Second objection.—Action at a distance is possible on the condition that the effect is transmitted across the vacuum from the agent to the patient. But such a supposition is absurd.
In reply, we deny the major. An effect is never transmitted either through a void or through a medium. It can never be outside the subject that receives it, being intrinsically dependent upon it for its birth.
Third objection.—To change the patient, the agent must exercise some influence upon it. But such a thing is inconceivable unless there is contact. The major certainly no one will dispute. But the minor is precisely the point under discussion; to assert ~t is not to prove it.
121. The Hypothesis of ‘Action at a Distance’ is Physically Impossible.—All material forces are governed by a constant law, which may be enunciated thus: ‘The intensity of the action that one body exercises on another diminishes in pro-portion as the distance increases; and conversely, it increases in proportion as the distance is diminished’. Now there is no explanation of this fact if the hypothesis of action at a distance is accepted.

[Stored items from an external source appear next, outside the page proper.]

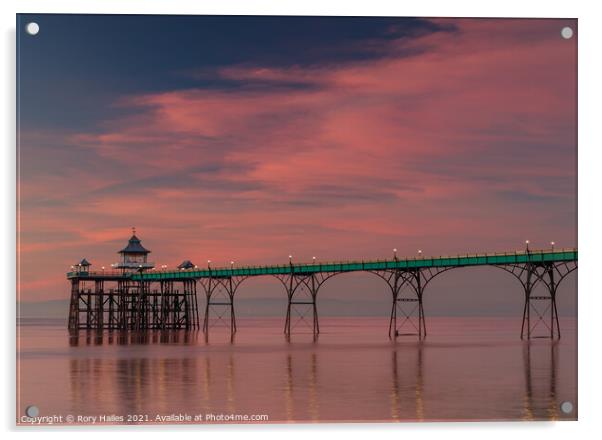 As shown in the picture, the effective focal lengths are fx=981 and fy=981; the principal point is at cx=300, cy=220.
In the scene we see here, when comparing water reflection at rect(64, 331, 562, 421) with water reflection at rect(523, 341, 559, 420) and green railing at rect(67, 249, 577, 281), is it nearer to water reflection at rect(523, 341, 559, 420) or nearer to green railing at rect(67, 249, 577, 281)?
water reflection at rect(523, 341, 559, 420)

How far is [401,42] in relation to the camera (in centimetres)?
2964

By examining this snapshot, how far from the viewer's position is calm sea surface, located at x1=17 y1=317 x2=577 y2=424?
3064 cm

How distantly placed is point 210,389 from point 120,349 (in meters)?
29.9

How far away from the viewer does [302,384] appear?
131 feet

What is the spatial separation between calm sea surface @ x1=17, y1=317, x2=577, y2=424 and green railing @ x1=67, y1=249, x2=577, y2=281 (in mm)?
5808

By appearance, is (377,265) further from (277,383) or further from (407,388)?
(407,388)

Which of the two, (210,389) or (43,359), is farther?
(43,359)

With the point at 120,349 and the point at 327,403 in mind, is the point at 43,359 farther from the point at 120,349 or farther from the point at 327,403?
the point at 327,403

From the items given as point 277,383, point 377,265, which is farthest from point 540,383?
point 377,265

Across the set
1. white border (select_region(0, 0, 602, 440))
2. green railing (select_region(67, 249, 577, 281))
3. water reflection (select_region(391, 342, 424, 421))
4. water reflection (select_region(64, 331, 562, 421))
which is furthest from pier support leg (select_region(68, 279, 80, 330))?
white border (select_region(0, 0, 602, 440))

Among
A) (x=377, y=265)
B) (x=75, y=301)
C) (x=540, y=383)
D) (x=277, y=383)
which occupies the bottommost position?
→ (x=75, y=301)

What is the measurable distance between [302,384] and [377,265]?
33640 mm

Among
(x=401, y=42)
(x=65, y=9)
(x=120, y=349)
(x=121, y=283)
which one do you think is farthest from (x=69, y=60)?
(x=121, y=283)

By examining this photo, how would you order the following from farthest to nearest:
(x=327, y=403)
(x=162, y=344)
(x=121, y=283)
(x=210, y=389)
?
(x=121, y=283) → (x=162, y=344) → (x=210, y=389) → (x=327, y=403) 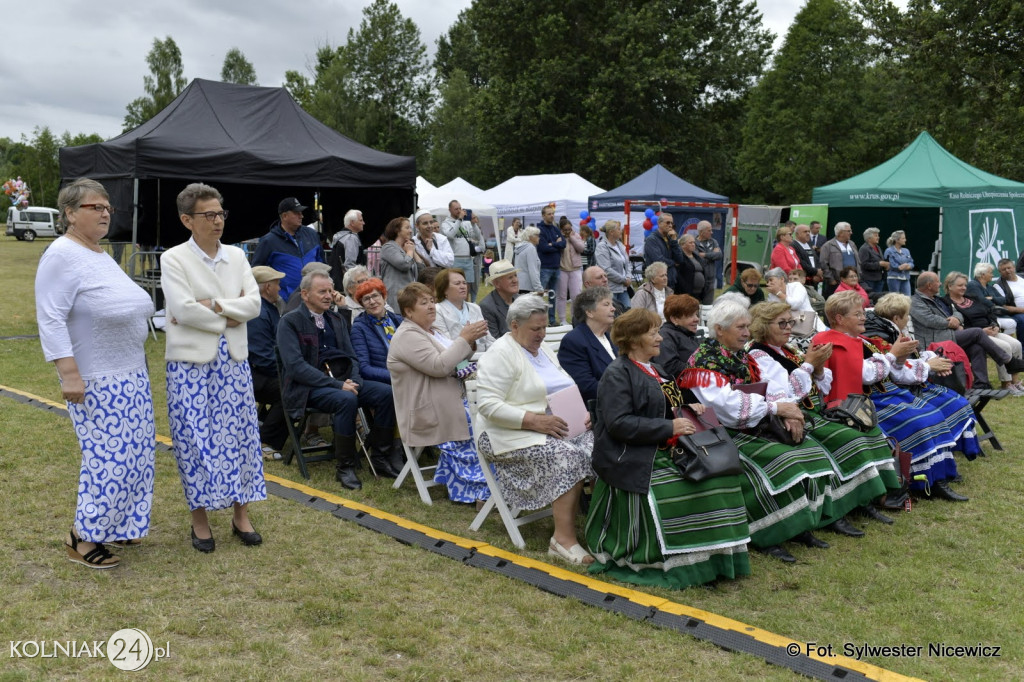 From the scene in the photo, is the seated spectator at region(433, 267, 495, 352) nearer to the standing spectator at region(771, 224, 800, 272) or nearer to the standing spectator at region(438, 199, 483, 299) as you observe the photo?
the standing spectator at region(771, 224, 800, 272)

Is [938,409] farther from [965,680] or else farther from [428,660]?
[428,660]

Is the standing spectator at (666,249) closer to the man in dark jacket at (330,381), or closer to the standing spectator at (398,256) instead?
the standing spectator at (398,256)

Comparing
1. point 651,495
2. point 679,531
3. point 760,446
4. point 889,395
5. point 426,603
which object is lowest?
point 426,603

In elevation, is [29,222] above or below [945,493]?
above

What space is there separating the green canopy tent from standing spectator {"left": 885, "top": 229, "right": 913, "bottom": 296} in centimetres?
92

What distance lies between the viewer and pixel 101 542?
384 centimetres

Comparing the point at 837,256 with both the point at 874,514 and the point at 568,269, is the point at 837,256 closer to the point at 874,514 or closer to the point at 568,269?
the point at 568,269

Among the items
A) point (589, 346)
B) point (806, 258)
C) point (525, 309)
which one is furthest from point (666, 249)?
point (525, 309)

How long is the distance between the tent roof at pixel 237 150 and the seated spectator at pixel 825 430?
22.1ft

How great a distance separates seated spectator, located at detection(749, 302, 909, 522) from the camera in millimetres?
4688

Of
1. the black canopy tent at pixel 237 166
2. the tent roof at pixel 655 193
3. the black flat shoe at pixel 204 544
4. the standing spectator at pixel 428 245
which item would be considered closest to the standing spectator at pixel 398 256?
the standing spectator at pixel 428 245

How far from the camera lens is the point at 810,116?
3988cm

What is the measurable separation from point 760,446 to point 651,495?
0.86m

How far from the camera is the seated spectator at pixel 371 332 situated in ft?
19.2
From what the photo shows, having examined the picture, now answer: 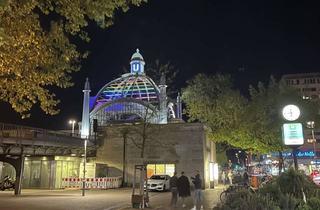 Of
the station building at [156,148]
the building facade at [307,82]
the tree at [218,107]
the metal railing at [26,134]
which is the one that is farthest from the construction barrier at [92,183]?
the building facade at [307,82]

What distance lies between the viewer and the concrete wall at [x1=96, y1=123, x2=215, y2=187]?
145ft

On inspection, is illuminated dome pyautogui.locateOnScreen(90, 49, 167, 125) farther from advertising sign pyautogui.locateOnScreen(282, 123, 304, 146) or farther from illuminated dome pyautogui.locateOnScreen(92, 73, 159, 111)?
advertising sign pyautogui.locateOnScreen(282, 123, 304, 146)

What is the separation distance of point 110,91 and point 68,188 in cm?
4509

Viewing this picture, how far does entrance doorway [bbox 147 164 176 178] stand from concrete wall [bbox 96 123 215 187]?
50 cm

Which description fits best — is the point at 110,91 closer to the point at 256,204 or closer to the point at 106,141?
the point at 106,141

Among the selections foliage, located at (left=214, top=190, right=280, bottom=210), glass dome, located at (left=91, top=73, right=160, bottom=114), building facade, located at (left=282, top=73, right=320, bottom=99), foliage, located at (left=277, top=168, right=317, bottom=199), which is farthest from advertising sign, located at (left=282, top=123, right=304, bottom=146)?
building facade, located at (left=282, top=73, right=320, bottom=99)

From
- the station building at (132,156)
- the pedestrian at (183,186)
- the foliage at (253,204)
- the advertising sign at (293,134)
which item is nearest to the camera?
the foliage at (253,204)

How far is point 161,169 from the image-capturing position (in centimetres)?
4538

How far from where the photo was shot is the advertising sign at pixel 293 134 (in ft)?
45.5

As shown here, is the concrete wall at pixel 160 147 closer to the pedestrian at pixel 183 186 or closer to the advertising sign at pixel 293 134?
the pedestrian at pixel 183 186

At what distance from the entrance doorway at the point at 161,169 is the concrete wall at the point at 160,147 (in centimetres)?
50

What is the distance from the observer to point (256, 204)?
11.0 metres

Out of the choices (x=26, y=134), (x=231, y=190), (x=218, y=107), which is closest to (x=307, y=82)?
(x=218, y=107)

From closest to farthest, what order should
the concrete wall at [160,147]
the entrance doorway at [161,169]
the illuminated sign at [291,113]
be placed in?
the illuminated sign at [291,113] → the concrete wall at [160,147] → the entrance doorway at [161,169] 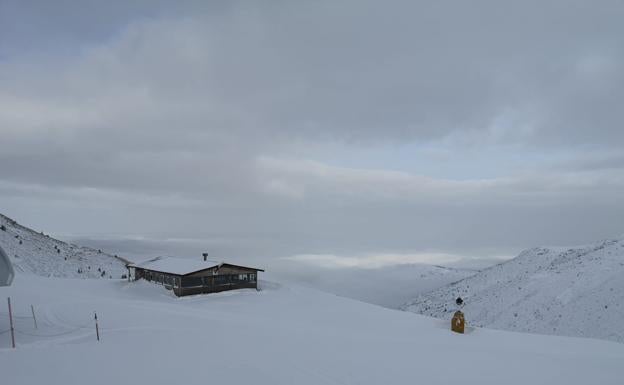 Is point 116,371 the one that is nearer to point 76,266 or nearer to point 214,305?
point 214,305

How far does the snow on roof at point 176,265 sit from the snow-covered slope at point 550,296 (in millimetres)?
29015

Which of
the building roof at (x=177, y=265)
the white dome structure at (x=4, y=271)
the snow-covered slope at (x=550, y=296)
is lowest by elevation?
the snow-covered slope at (x=550, y=296)

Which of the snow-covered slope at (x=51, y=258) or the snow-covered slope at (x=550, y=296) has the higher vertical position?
the snow-covered slope at (x=51, y=258)

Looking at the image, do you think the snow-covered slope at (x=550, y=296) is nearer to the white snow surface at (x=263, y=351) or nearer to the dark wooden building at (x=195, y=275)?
the white snow surface at (x=263, y=351)

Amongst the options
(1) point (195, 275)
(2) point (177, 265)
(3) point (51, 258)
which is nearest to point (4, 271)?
(1) point (195, 275)

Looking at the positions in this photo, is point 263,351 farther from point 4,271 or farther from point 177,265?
point 177,265

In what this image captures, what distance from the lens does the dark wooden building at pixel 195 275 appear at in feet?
119

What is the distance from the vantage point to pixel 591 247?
50469 millimetres

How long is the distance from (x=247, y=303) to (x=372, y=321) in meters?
12.4

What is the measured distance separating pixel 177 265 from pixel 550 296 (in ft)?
129

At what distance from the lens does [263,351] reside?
53.0 ft

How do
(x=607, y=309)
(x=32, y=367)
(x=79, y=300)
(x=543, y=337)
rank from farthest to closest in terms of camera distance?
(x=607, y=309) → (x=79, y=300) → (x=543, y=337) → (x=32, y=367)

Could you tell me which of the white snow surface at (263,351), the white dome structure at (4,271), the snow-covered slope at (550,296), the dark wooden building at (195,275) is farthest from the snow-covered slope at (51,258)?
the snow-covered slope at (550,296)

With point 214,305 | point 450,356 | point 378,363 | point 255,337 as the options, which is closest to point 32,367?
point 255,337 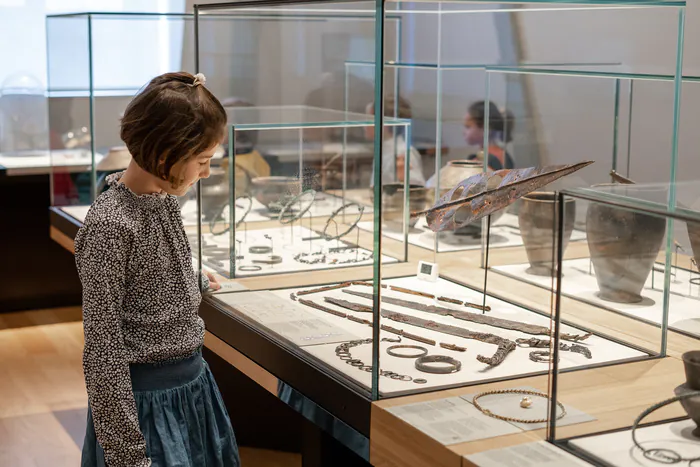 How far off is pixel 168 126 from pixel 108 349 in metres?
0.43

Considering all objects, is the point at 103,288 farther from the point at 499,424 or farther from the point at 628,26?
the point at 628,26

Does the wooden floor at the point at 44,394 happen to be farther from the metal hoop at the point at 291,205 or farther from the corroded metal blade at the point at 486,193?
the corroded metal blade at the point at 486,193

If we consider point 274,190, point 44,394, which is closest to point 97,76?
point 44,394

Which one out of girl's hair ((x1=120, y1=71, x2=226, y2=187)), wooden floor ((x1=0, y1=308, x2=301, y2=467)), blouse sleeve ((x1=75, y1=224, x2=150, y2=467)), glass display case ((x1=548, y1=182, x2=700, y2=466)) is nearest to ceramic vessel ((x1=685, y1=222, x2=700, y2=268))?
glass display case ((x1=548, y1=182, x2=700, y2=466))

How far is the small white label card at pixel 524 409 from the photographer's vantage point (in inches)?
64.7

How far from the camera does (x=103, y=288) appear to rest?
1.79 metres

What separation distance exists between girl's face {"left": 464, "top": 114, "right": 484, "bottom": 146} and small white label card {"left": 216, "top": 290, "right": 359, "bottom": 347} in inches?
60.9

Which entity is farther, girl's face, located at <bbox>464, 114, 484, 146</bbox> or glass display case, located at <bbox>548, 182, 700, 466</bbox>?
girl's face, located at <bbox>464, 114, 484, 146</bbox>

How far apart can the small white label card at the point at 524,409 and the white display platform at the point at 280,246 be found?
0.88 metres

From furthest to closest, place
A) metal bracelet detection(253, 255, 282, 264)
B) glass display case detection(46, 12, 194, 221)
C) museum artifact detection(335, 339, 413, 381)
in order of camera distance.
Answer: glass display case detection(46, 12, 194, 221), metal bracelet detection(253, 255, 282, 264), museum artifact detection(335, 339, 413, 381)

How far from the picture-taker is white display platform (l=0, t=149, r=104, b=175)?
4.60 m

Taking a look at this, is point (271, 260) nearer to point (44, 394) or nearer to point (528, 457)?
point (528, 457)

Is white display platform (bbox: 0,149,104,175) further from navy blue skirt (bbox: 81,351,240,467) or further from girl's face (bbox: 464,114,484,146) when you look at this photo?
navy blue skirt (bbox: 81,351,240,467)

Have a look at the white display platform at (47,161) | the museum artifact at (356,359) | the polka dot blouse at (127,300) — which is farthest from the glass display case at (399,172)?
the white display platform at (47,161) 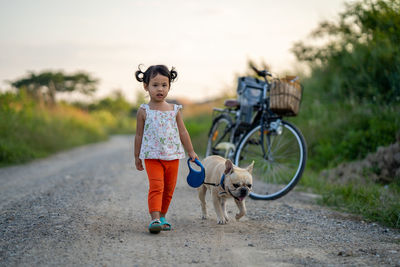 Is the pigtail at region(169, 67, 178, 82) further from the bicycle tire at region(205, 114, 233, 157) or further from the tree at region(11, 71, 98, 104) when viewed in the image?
the tree at region(11, 71, 98, 104)

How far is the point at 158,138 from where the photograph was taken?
3465 mm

Without altering the internal dispositions of the agent and patient—which moreover cannot be altered by a vacuum whether great or small, since it is nothing—we may vary the distance which separates them. The action, considered in the agent, has an intensity which is invariable and independent of the distance, for the reason that material bodies, being destitute of freedom, cannot change the degree of their intensity on their own initiative. Considered in the patient, where nothing is changed, it has the same degree of intensity as it had in the agent. If there were a change, the medium alone would be the cause of it; yet the vacuum is nothingness, and the action, not having to traverse it, cannot lose any of its power in space si. Hence the variations of intensity of which we are informed by experience remain as effects without a cause unless in place of the supposed vacuum we substitute continuous matter, either ponderable or imponderable; and then the progressive diminution of the action depends upon a proportionate cause, namely upon the various resistances of the medium.